DESCRIPTION OF THE TASK.
Everything from the line with "1940, Ongelopen, Zuid-Holland" to the line with "Royal Canadian Mint" in the listing below, both lines included, needs to be copied exactly, apart from the pictures.

DATASET RECORDS.

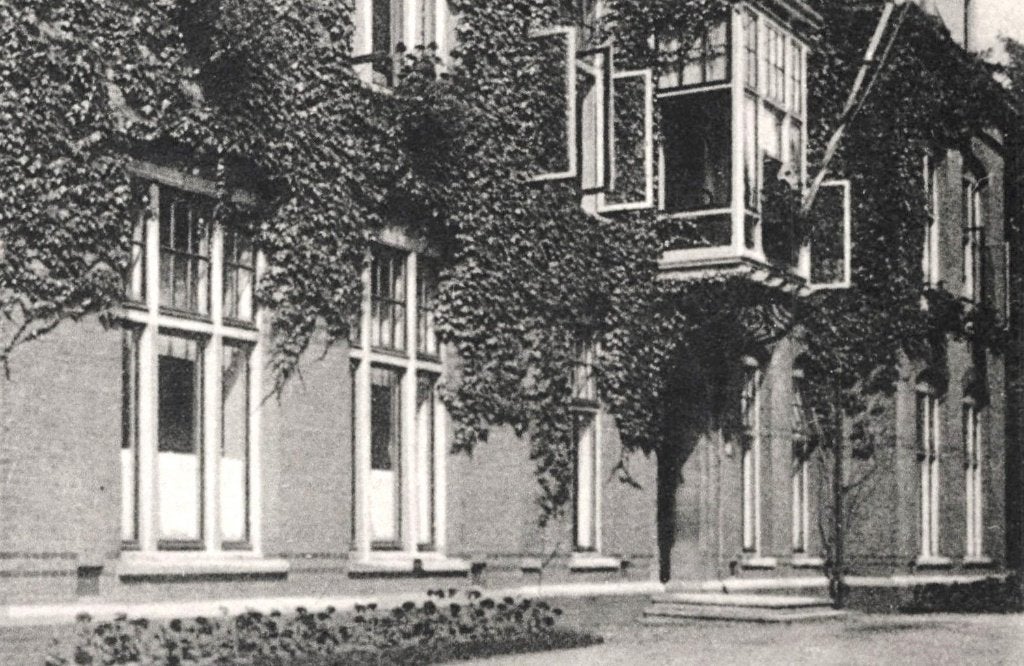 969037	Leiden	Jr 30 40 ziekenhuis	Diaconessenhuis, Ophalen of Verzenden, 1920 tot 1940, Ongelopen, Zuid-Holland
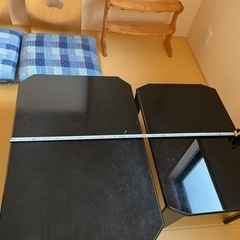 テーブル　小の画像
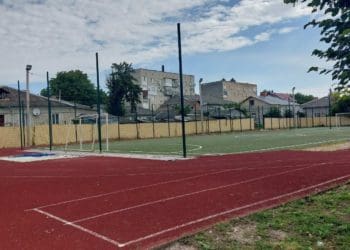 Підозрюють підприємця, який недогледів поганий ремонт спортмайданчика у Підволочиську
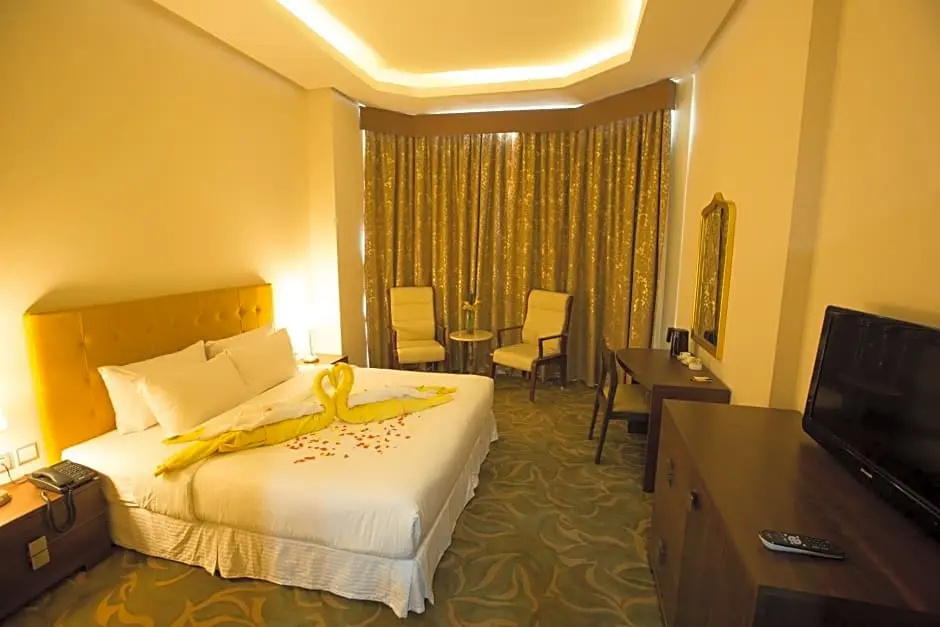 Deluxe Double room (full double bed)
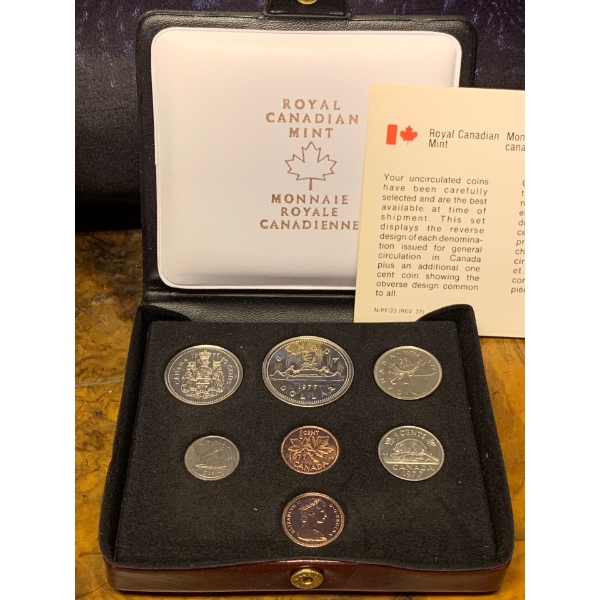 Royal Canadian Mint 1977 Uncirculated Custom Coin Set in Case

==

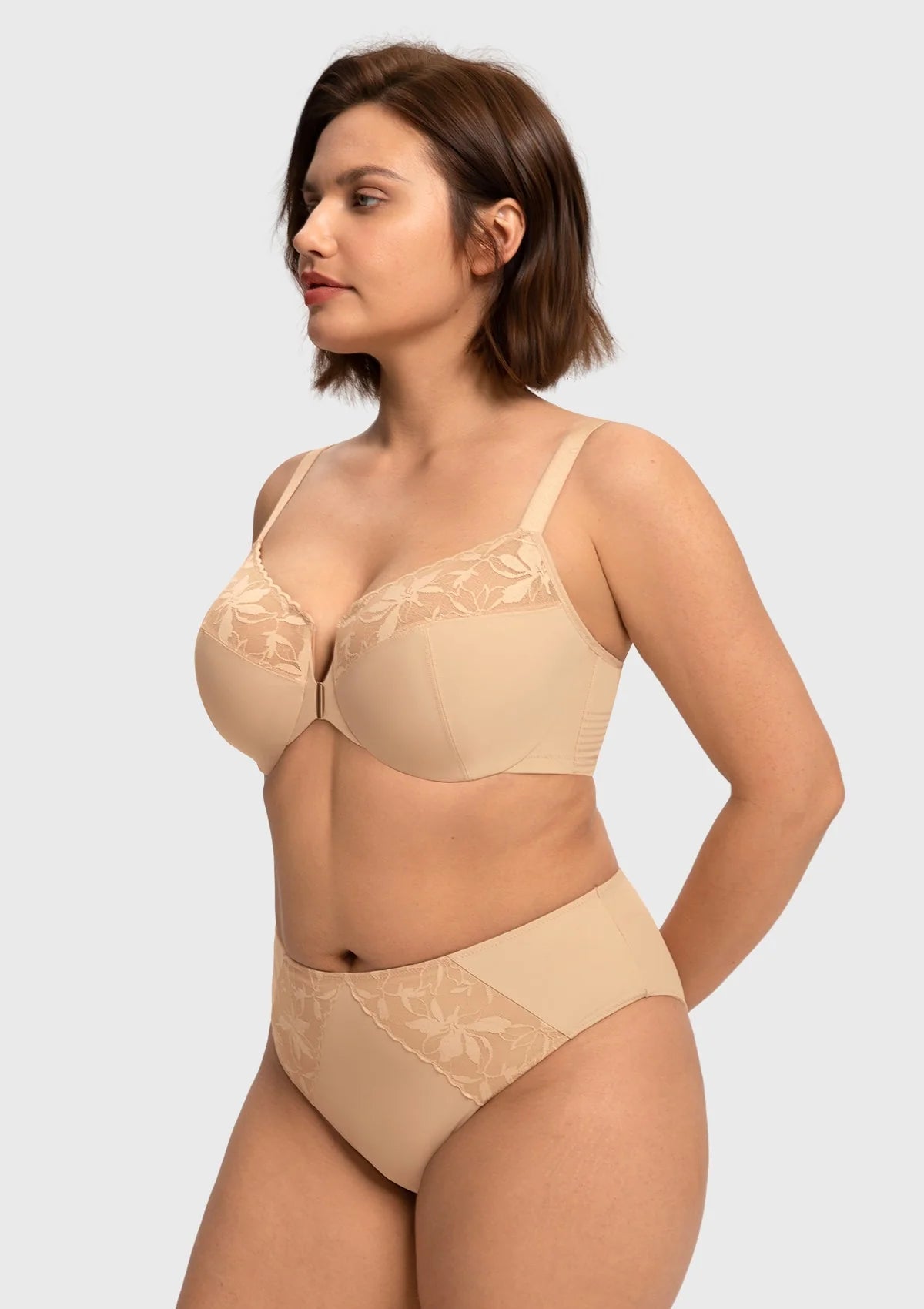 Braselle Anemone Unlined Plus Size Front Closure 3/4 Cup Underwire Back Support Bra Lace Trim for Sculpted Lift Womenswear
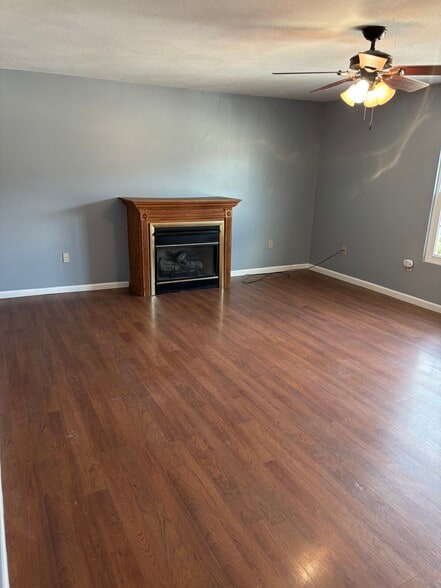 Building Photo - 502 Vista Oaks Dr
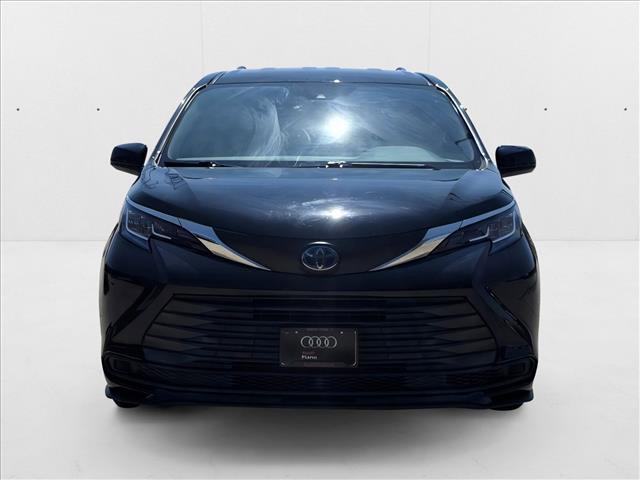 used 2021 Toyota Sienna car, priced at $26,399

SOLUTION FOR THIS EXERCISE.
 969037	Leiden	Jr 30 40 ziekenhuis	Diaconessenhuis, Ophalen of Verzenden, 1920 tot 1940, Ongelopen, Zuid-Holland
 テーブル　小の画像
 Підозрюють підприємця, який недогледів поганий ремонт спортмайданчика у Підволочиську
 Deluxe Double room (full double bed)
 Royal Canadian Mint 1977 Uncirculated Custom Coin Set in Case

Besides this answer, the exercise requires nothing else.